Personne ne voit personne dans ce brouillard, ils ne nous trouveront pas. Nous avancerons, sans flancher, jusqu'au sud, à moins que d'ici là le sol nous engloutisse. Sais-tu où nous sommes désormais ?
        Lire un livre de l'Ogre, c'est comme souvent s'en remettre, d'abord, à une écriture. A sa force magnétique. A des univers envoûtants où la forme est le fond. Le fond la forme. Les allitérations et les reformulations pour le rythme et les doutes. Un roman aux allures de poème, des poèmes en prose aptes à saisir le réel dans son instantanéité, digérant l'illusion de l'épuiser. S'échapper pour mieux revenir ou renverser un ordre qu'on croit éternel. Un livre qui refuse de se laisser piéger par les mots. Les délivre du commun. Qui tente de donner un sens a priori à ce qui n'en a pas. Une langue qui capte nos obsessions, nos cauchemars pour mieux invalider leur existence ou affirmer leur présence. Une oscillation entre le vrai et le déni. Le sens et le vide. Reste des représentations du monde, de nous-mêmes, où se mirent angoisses et hantises d'un monde qui vous broie et vous libère. Un roman où l'éternel lutte des genres doit avoir un rôle. Un roman aussi politique, comme un avertissement et un appel à une contre-révolution. Clandestine, souterraine, silencieuse. Mystérieuse. Navigant entre les niveaux de réalité, on oscille alors entre deux abîmes, la quête de vérité et son illusion.  Qu'espérer quand on traque des fantômes ? Deux vertiges qui nous habitent. Nous hantent. Tout existe peut-être. Mais au fond, peut-être qu'on s'efforce seulement "de restituer des fictions."

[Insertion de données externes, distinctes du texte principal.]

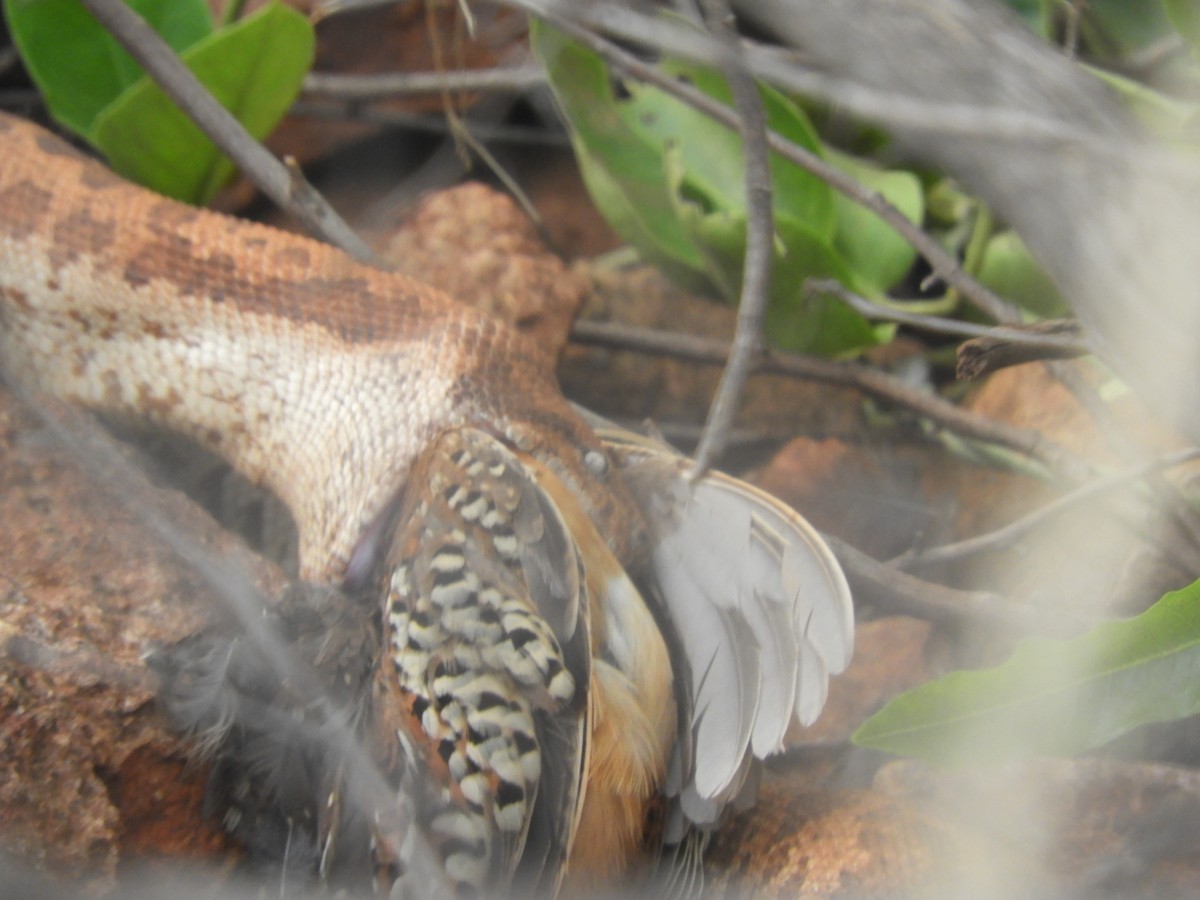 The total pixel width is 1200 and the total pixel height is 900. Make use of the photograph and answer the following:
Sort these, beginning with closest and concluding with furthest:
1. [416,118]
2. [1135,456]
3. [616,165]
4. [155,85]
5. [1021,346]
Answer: [1021,346]
[1135,456]
[155,85]
[616,165]
[416,118]

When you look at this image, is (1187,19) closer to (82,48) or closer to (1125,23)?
(1125,23)

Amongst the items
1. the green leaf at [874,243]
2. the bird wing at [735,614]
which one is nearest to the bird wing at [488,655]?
the bird wing at [735,614]

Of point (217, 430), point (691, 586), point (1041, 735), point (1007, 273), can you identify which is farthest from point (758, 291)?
point (1007, 273)

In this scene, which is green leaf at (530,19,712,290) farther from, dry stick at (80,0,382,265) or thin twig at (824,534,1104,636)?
thin twig at (824,534,1104,636)

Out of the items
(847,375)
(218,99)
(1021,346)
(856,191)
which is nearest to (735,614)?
(1021,346)

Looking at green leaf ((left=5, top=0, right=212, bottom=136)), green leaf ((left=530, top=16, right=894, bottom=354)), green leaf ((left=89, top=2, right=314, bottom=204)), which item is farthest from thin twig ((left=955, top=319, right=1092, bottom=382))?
green leaf ((left=5, top=0, right=212, bottom=136))

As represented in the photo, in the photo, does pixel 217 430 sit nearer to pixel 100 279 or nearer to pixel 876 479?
pixel 100 279

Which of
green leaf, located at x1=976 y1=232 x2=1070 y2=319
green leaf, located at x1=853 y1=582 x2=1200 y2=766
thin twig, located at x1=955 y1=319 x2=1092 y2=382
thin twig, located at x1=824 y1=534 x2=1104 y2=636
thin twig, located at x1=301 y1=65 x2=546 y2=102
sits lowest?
thin twig, located at x1=824 y1=534 x2=1104 y2=636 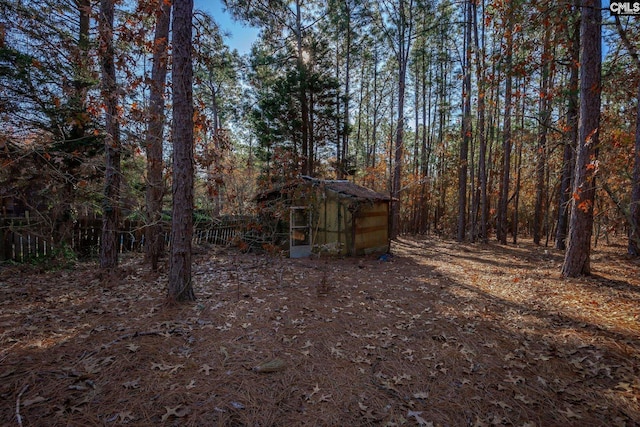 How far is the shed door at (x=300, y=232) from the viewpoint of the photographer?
35.2 feet

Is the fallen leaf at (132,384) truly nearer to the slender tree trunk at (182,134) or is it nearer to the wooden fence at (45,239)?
the slender tree trunk at (182,134)

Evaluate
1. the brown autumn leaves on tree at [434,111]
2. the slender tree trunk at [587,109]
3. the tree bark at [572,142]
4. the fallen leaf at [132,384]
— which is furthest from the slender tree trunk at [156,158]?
the tree bark at [572,142]

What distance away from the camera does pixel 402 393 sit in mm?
2805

Nous nous sommes échappés. Et comme nous avons été effacés de tous les registres, comme nos noms ne peuvent même plus être prononcés, nous avons constaté que nous n'existions pas.

    S'égarer, se confronter, être pris en défaut, c'est avant tout ce que j'aime en littérature mais c'est un plaisir dangereux. Perdre ses repères — comme un défaut de réel—, c'est prendre le risque de la perte. Beaucoup de pages m'ont ainsi fasciné, d'autres m'ont perdu. J'ai chuté de mon point d'équilibre (sur lequel j'étais délicieusement resté pour Dans la forêt de hameau de Hardt), submergé par les doutes, les questions, le néant. Point de non-retour. Au-delà du moment précis où la réalité bascule. On peut craindre de disparaître sans retour à l'instant de perdre pied. Nos rêves et nos cauchemars nous rattrapent. Pour de bon.
Les Echappées alors pour nous ramener à la vie. L'écriture alors pour dissiper un peu la brume, son voile, à défaut de la faire disparaître. Insaisissable. Evident.
                                                                                                             
Les Echappées, Lucie Taïeb, éditions de l'Ogre, septembre 2019, 171 p., 18€.